Fine example of the earliest obtainable city plan of Warsaw, engraved by Chalmandrier for Giovanni Antonio Rizzi Zannoni in 1772.

Rizzi Zannoni's plan is based upon the 4-sheet plan of Warsaw by Pierre Ricaud de Tirregaille, entitled Plan de la ville de Varsovie: dedie a S. M. Auguste III Roi de Pologne, Electeur de Saxe etc. etc., levé par ordre de S. E. M. le Comte Bielinski Grand Marechal de la Couronne, first published in 1762.

Rizzi Zannoni's plan of Warsaw was published on the eve of the country's first partition (dismemberment) between Prussia, Russia and Austria. The town plan is surrounded by 17 vignettes of important buildings (actually 14 palaces and 3 others), with the lower section featuring a fine large panoramic view of the City taken from the east side of the Wisla, which is entitled " Vue de Varsovie du côté de la Vistule". A numbered key identifies 82 important landmarks. The title cartouche is surmounted by a coat of arms and white eagle, with a dedication to Count Michal Wielhorski, who was then in Paris making a last ditch effort to preserve Poland's "Republic."

One very curious element to this example of the map is the use of a modified version of the Kierdeja coat of arms, used by several Polish families, including the Wielhorski family.

Pierre Ricaud de Tirregaille (1725-1770) was a French Architect and Engineer. Tirregaille came to Poland in 1752, where he worked as a civil architect, surveyor and as an army engineer and captain of an infantry regiment. He attained the rank of lieutenant colonel in the Polish armed forces in 1762. In 1758 and 1759, Tirregaille worked for the "Komisja Brukowa" or Cobblestone Commission. Created in 1685, the Cobblestone Commission was tasked with paving the streets of Warsaw and creating a modern sewer system. The Commission remained largely inactive until 1740, when it was headed by Crown Marshal Franciszek Bielinski. Under his leadership, over the next 20 years, the commission managed to pave 222 streets, a large majority of the streets of the contemporary Polish capital. In 1757, Bielinski, with his own funds, created the village of Bielino, which would become the modern city center of Warsaw. In 1762, with his work nearly completed, Bielinski commissioned Tirregaille to prepare a detailed plan of the city of Warsaw, which resulted in the creation of the first map of Warsaw based upon a scientific survey. The view was embellished with vignettes of important buildings around the city, including, the Primate's Palace, the Symonowicz Palace, the palace of the Bishops of Cracow and the Radziwill Palace. Tirregaille's plan depicts the culmination of Bielinski's efforts.

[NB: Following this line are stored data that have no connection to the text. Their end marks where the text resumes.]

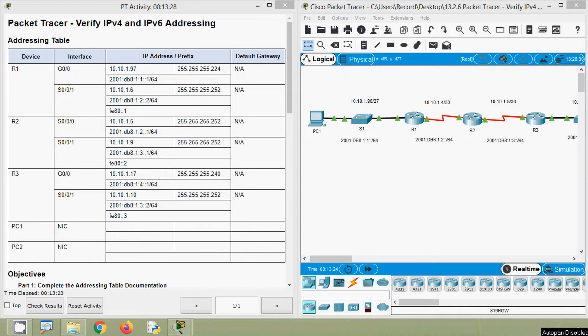Hi friends, welcome. In this video, we are going to discuss CCNA v7 Packet Tracer activity: verify IPv4 and IPv6 addressing.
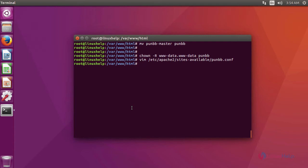After creating a virtual host, now we are going to give the entry in a host file. For that, enter into the host file.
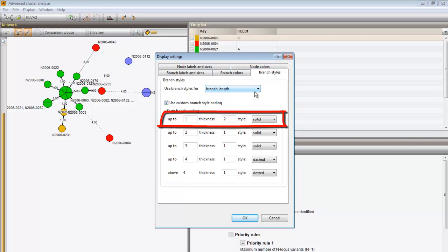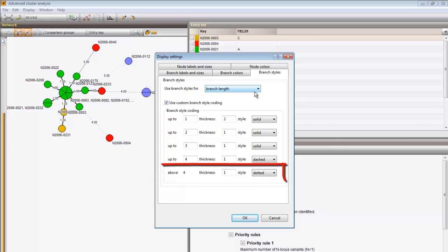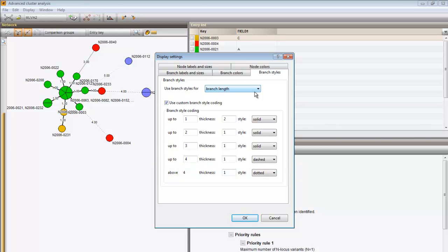You can also adjust the style of the branches according to the distance between the nodes. For example, a distance of 1 results in a solid line with thickness 2, while a distance higher than 4 results in a dashed line of thickness 1.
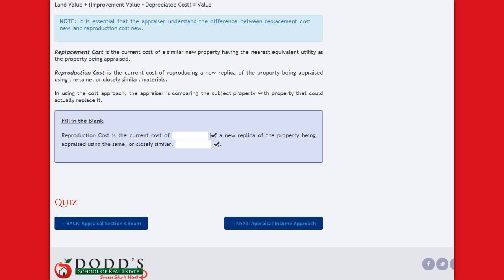Now go back to the top and fill in the blanks. Once completed, you may go on to your quiz and on to the next section after you've passed it at 80%.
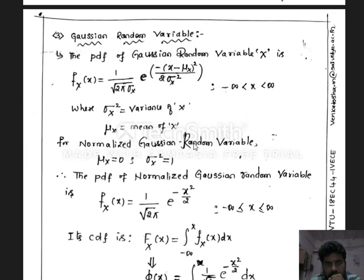The third standard single random variable is Gaussian. This variable is very important for many communication applications. The noise in any communication model is considered as Gaussian. Even in many optical applications, the light pulse is considered to be Gaussian in shape.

Unlike the Tirregaille plan (dedicated to King August III), Rizzi Zannoni's plan is dedicated to Count Michal Wielhorski (1730 - 1794), a Polish noble, official, politician, diplomat and writer. He was the Lithuanian "Grande Maitre d'Hotel" (Master of the Kitchen) in the years 1763-1774, Lithuanian Great Quartermaster in 1758-1762, who served as the starost and envoy of the Bar Confederation to France up to the First Partition. Count Wielhorski traveled to Paris in 1770, where he consulted with both Jean-Jacques Rousseau and Gabriel Bonnot de Mably, to submit suggestions for the reformation of Poland's unique "Golden Liberty", which had deteriorated from a semi-republican, semi-democratic political system, into a state of virtual anarchy. This map was prepared during Wielhorski's stay in Paris and undoubtedly reflects the prevailing French Enlightenment sympathies toward Poland's efforts to preserve its independent republic status.

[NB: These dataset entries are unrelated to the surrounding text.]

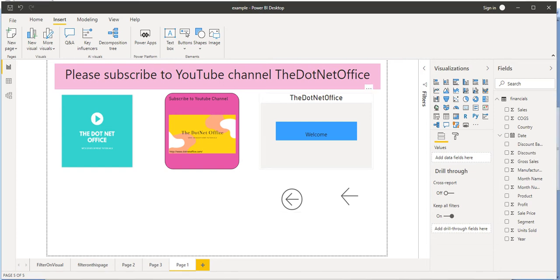Now we will see what the Web URL action is in Power BI. As the name indicates — web URL — if we provide a particular website URL, once we click on that it will navigate us to that particular web URL. Let's see how we do that.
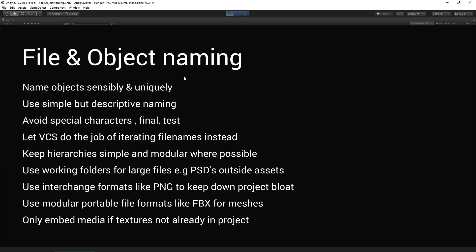File and object naming goes without saying that naming objects sensibly and uniquely can really help with your project in terms of making it accessible to others, but also trying to find your assets and preventing problems further down the line when it comes to version control. In general, try and use the version control system to do that job for you. Use simple but descriptive naming, avoid special characters, final test, all that kind of stuff.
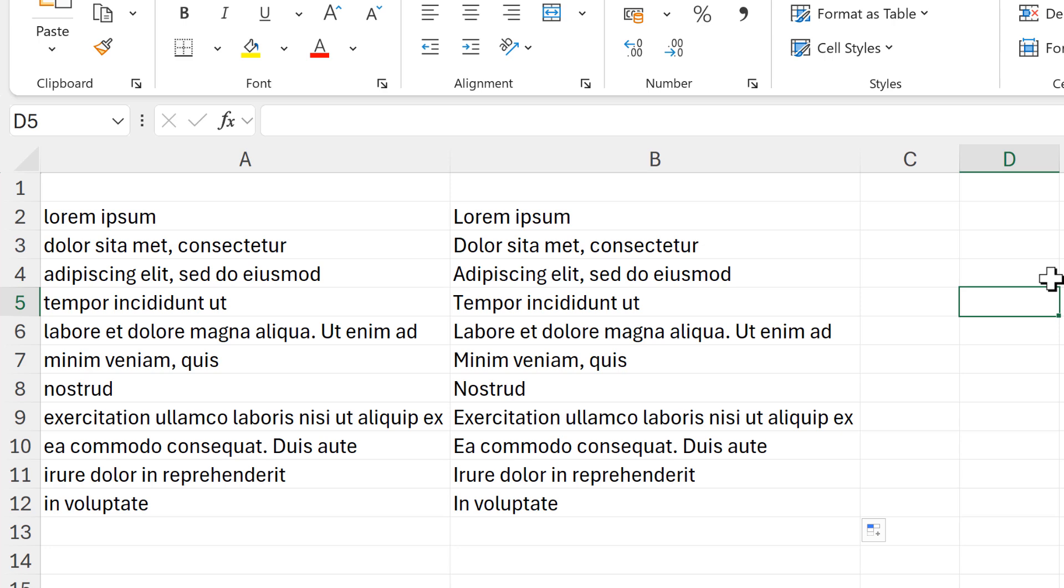Okay, so in this video I have shown you multiple methods to get the first letter in a cell to be a capital letter, and that is everything. Thank you.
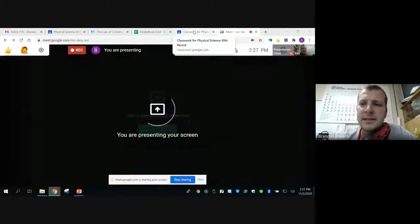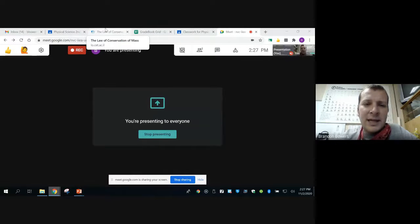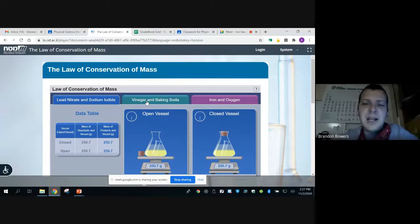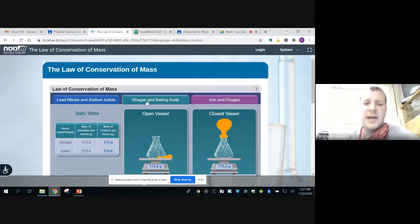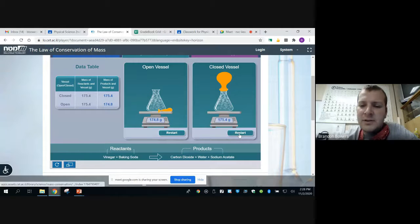What we're going to do today is try a virtual experiment. I'm going to present my screen here. On the link you will find in Google Classroom, it'll take you to this website. There are three options — I want you to click the vinegar and baking soda option. Then I want you to run the experiment and record the data.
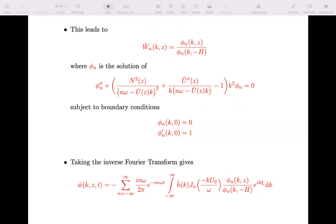The surface boundary condition phi-n of k and zero equals zero is satisfied, and its derivative is one at the surface. We just solve that differential equation — it's got these initial conditions — stepping forward from the top down to the bottom to get phi-n, then divide by the value at the bottom to get W-hat. We stick W-hat into the expression, take the inverse transform, and get a complicated integral expression.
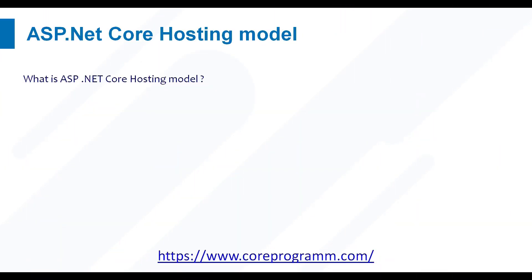Welcome to Core Program. In this video we discuss ASP.NET Core hosting model. Before starting this video, please go through the previous video on main method in ASP.NET Core.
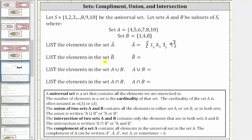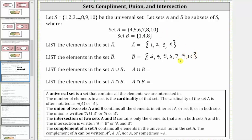Next, we're asked to list the elements in the set B complement, which are the elements in the universal set that are not in set B. Since B contains the elements one, four, and eight, the set B complement contains two, three, five, six, seven, nine, and 10. These are the elements in the universal set that are not in set B.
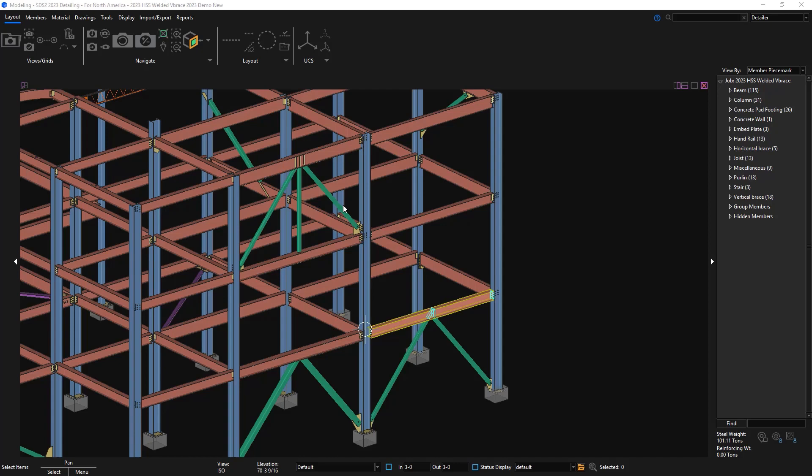New to SCS2 2023, we now support welded HSS vertical braces framing to wide flange beam, column, or wide flange vertical braces.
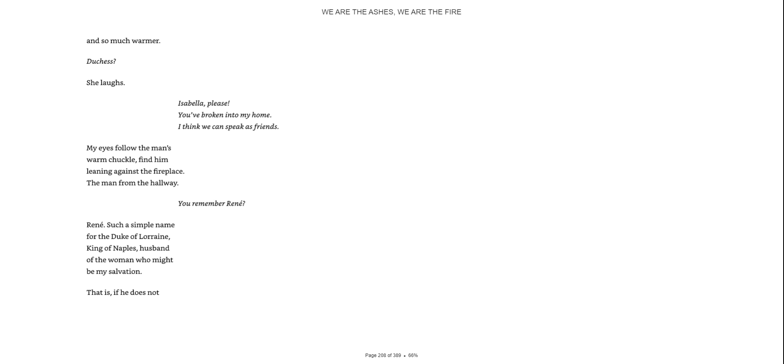Isabella, please, you've broken into my home. I think we can speak as friends. My eyes follow the man's warm chuckle and find him leaning against the fireplace. The man from the hallway. You remember Renee? Renee, such a simple name for the Duke of Lorraine, King of Naples, husband of the woman who might be my salvation. That is, if he does not decide to...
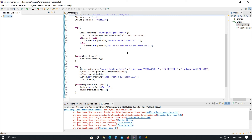Hello and welcome to my channel. In this video we want to learn how we can add MySQL connector to our Eclipse IDE tool. So let's go and do this scenario.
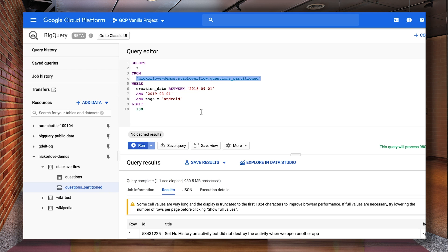Typically, clustering works best on high cardinality fields, which maximizes the amount of benefit you'll get. By the way, you can cluster on multiple columns, so you aren't limited to just one.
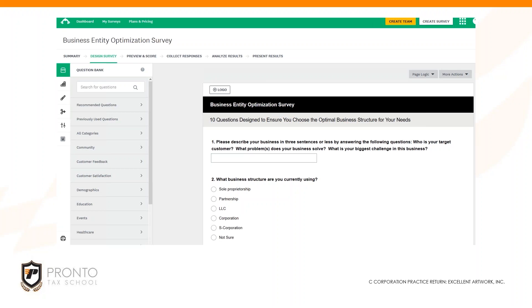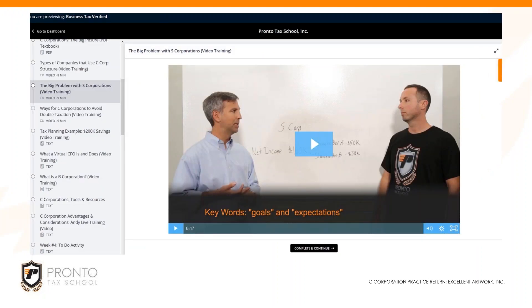So you may want to create something like that. I think we may even have this for you guys in the Business Tax Verified program.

Mably's recommendations were completed in two installments, the first in August 1770 and the second in July 1771. Generally, he called for more radical and substantial changes than Rousseau and he was also able to finish his recommendations in a more timely fashion than Rousseau. Rousseau completed his essay in 1772. By the time he finished, the First Partition of Poland had already occurred. On February 17, 1772, Russia, Prussia and Austria had invaded and occupied much of Poland.

The original Tirregaille plan is known in only 4 recorded examples, with the original manuscript having been destroyed in 1944. This edition is also quite scarce, with no examples appearing in AMPR or Americana Exchange.

Condition Description
Dissected and laid on linen, as issued.